[[ Provided entries open ]]

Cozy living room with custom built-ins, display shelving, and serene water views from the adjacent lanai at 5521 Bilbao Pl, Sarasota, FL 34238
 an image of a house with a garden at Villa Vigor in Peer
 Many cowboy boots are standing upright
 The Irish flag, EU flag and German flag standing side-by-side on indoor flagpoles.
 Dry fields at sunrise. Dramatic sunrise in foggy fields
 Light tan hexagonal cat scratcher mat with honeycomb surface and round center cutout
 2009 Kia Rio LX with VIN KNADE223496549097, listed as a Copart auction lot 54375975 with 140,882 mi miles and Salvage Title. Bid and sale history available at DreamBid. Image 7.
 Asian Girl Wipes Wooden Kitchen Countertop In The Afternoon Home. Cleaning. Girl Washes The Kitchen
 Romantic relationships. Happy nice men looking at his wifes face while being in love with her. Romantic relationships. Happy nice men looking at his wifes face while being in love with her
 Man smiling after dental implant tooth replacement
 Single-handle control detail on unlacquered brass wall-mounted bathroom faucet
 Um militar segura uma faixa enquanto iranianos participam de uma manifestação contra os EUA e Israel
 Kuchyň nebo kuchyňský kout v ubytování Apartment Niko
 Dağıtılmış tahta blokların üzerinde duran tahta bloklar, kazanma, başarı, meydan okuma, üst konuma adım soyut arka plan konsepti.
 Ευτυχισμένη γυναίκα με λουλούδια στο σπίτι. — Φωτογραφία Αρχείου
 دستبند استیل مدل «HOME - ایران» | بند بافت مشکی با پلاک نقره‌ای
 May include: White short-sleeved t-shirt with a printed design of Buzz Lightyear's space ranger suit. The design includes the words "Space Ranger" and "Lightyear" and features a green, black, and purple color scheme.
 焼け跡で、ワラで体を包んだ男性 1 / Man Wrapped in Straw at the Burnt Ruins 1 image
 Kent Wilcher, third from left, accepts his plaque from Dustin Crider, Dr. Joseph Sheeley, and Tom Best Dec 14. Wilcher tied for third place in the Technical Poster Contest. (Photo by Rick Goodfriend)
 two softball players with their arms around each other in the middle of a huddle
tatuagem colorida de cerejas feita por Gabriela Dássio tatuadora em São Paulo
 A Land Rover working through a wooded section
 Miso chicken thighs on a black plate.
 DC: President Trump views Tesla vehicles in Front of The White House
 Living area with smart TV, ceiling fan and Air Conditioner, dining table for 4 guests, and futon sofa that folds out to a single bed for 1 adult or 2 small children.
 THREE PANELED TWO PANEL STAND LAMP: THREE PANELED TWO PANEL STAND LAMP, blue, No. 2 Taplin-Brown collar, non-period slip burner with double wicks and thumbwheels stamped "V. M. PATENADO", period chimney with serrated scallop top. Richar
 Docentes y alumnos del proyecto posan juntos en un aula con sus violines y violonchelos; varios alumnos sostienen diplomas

[[ Provided entries closed ]]

What to produce: Give all the lines above again, exactly.

Reply to the task:
Cozy living room with custom built-ins, display shelving, and serene water views from the adjacent lanai at 5521 Bilbao Pl, Sarasota, FL 34238
 an image of a house with a garden at Villa Vigor in Peer
 Many cowboy boots are standing upright
 The Irish flag, EU flag and German flag standing side-by-side on indoor flagpoles.
 Dry fields at sunrise. Dramatic sunrise in foggy fields
 Light tan hexagonal cat scratcher mat with honeycomb surface and round center cutout
 2009 Kia Rio LX with VIN KNADE223496549097, listed as a Copart auction lot 54375975 with 140,882 mi miles and Salvage Title. Bid and sale history available at DreamBid. Image 7.
 Asian Girl Wipes Wooden Kitchen Countertop In The Afternoon Home. Cleaning. Girl Washes The Kitchen
 Romantic relationships. Happy nice men looking at his wifes face while being in love with her. Romantic relationships. Happy nice men looking at his wifes face while being in love with her
 Man smiling after dental implant tooth replacement
 Single-handle control detail on unlacquered brass wall-mounted bathroom faucet
 Um militar segura uma faixa enquanto iranianos participam de uma manifestação contra os EUA e Israel
 Kuchyň nebo kuchyňský kout v ubytování Apartment Niko
 Dağıtılmış tahta blokların üzerinde duran tahta bloklar, kazanma, başarı, meydan okuma, üst konuma adım soyut arka plan konsepti.
 Ευτυχισμένη γυναίκα με λουλούδια στο σπίτι. — Φωτογραφία Αρχείου
 دستبند استیل مدل «HOME - ایران» | بند بافت مشکی با پلاک نقره‌ای
 May include: White short-sleeved t-shirt with a printed design of Buzz Lightyear's space ranger suit. The design includes the words "Space Ranger" and "Lightyear" and features a green, black, and purple color scheme.
 焼け跡で、ワラで体を包んだ男性 1 / Man Wrapped in Straw at the Burnt Ruins 1 image
 Kent Wilcher, third from left, accepts his plaque from Dustin Crider, Dr. Joseph Sheeley, and Tom Best Dec 14. Wilcher tied for third place in the Technical Poster Contest. (Photo by Rick Goodfriend)
 two softball players with their arms around each other in the middle of a huddle
tatuagem colorida de cerejas feita por Gabriela Dássio tatuadora em São Paulo
 A Land Rover working through a wooded section
 Miso chicken thighs on a black plate.
 DC: President Trump views Tesla vehicles in Front of The White House
 Living area with smart TV, ceiling fan and Air Conditioner, dining table for 4 guests, and futon sofa that folds out to a single bed for 1 adult or 2 small children.
 THREE PANELED TWO PANEL STAND LAMP: THREE PANELED TWO PANEL STAND LAMP, blue, No. 2 Taplin-Brown collar, non-period slip burner with double wicks and thumbwheels stamped "V. M. PATENADO", period chimney with serrated scallop top. Richar
 Docentes y alumnos del proyecto posan juntos en un aula con sus violines y violonchelos; varios alumnos sostienen diplomas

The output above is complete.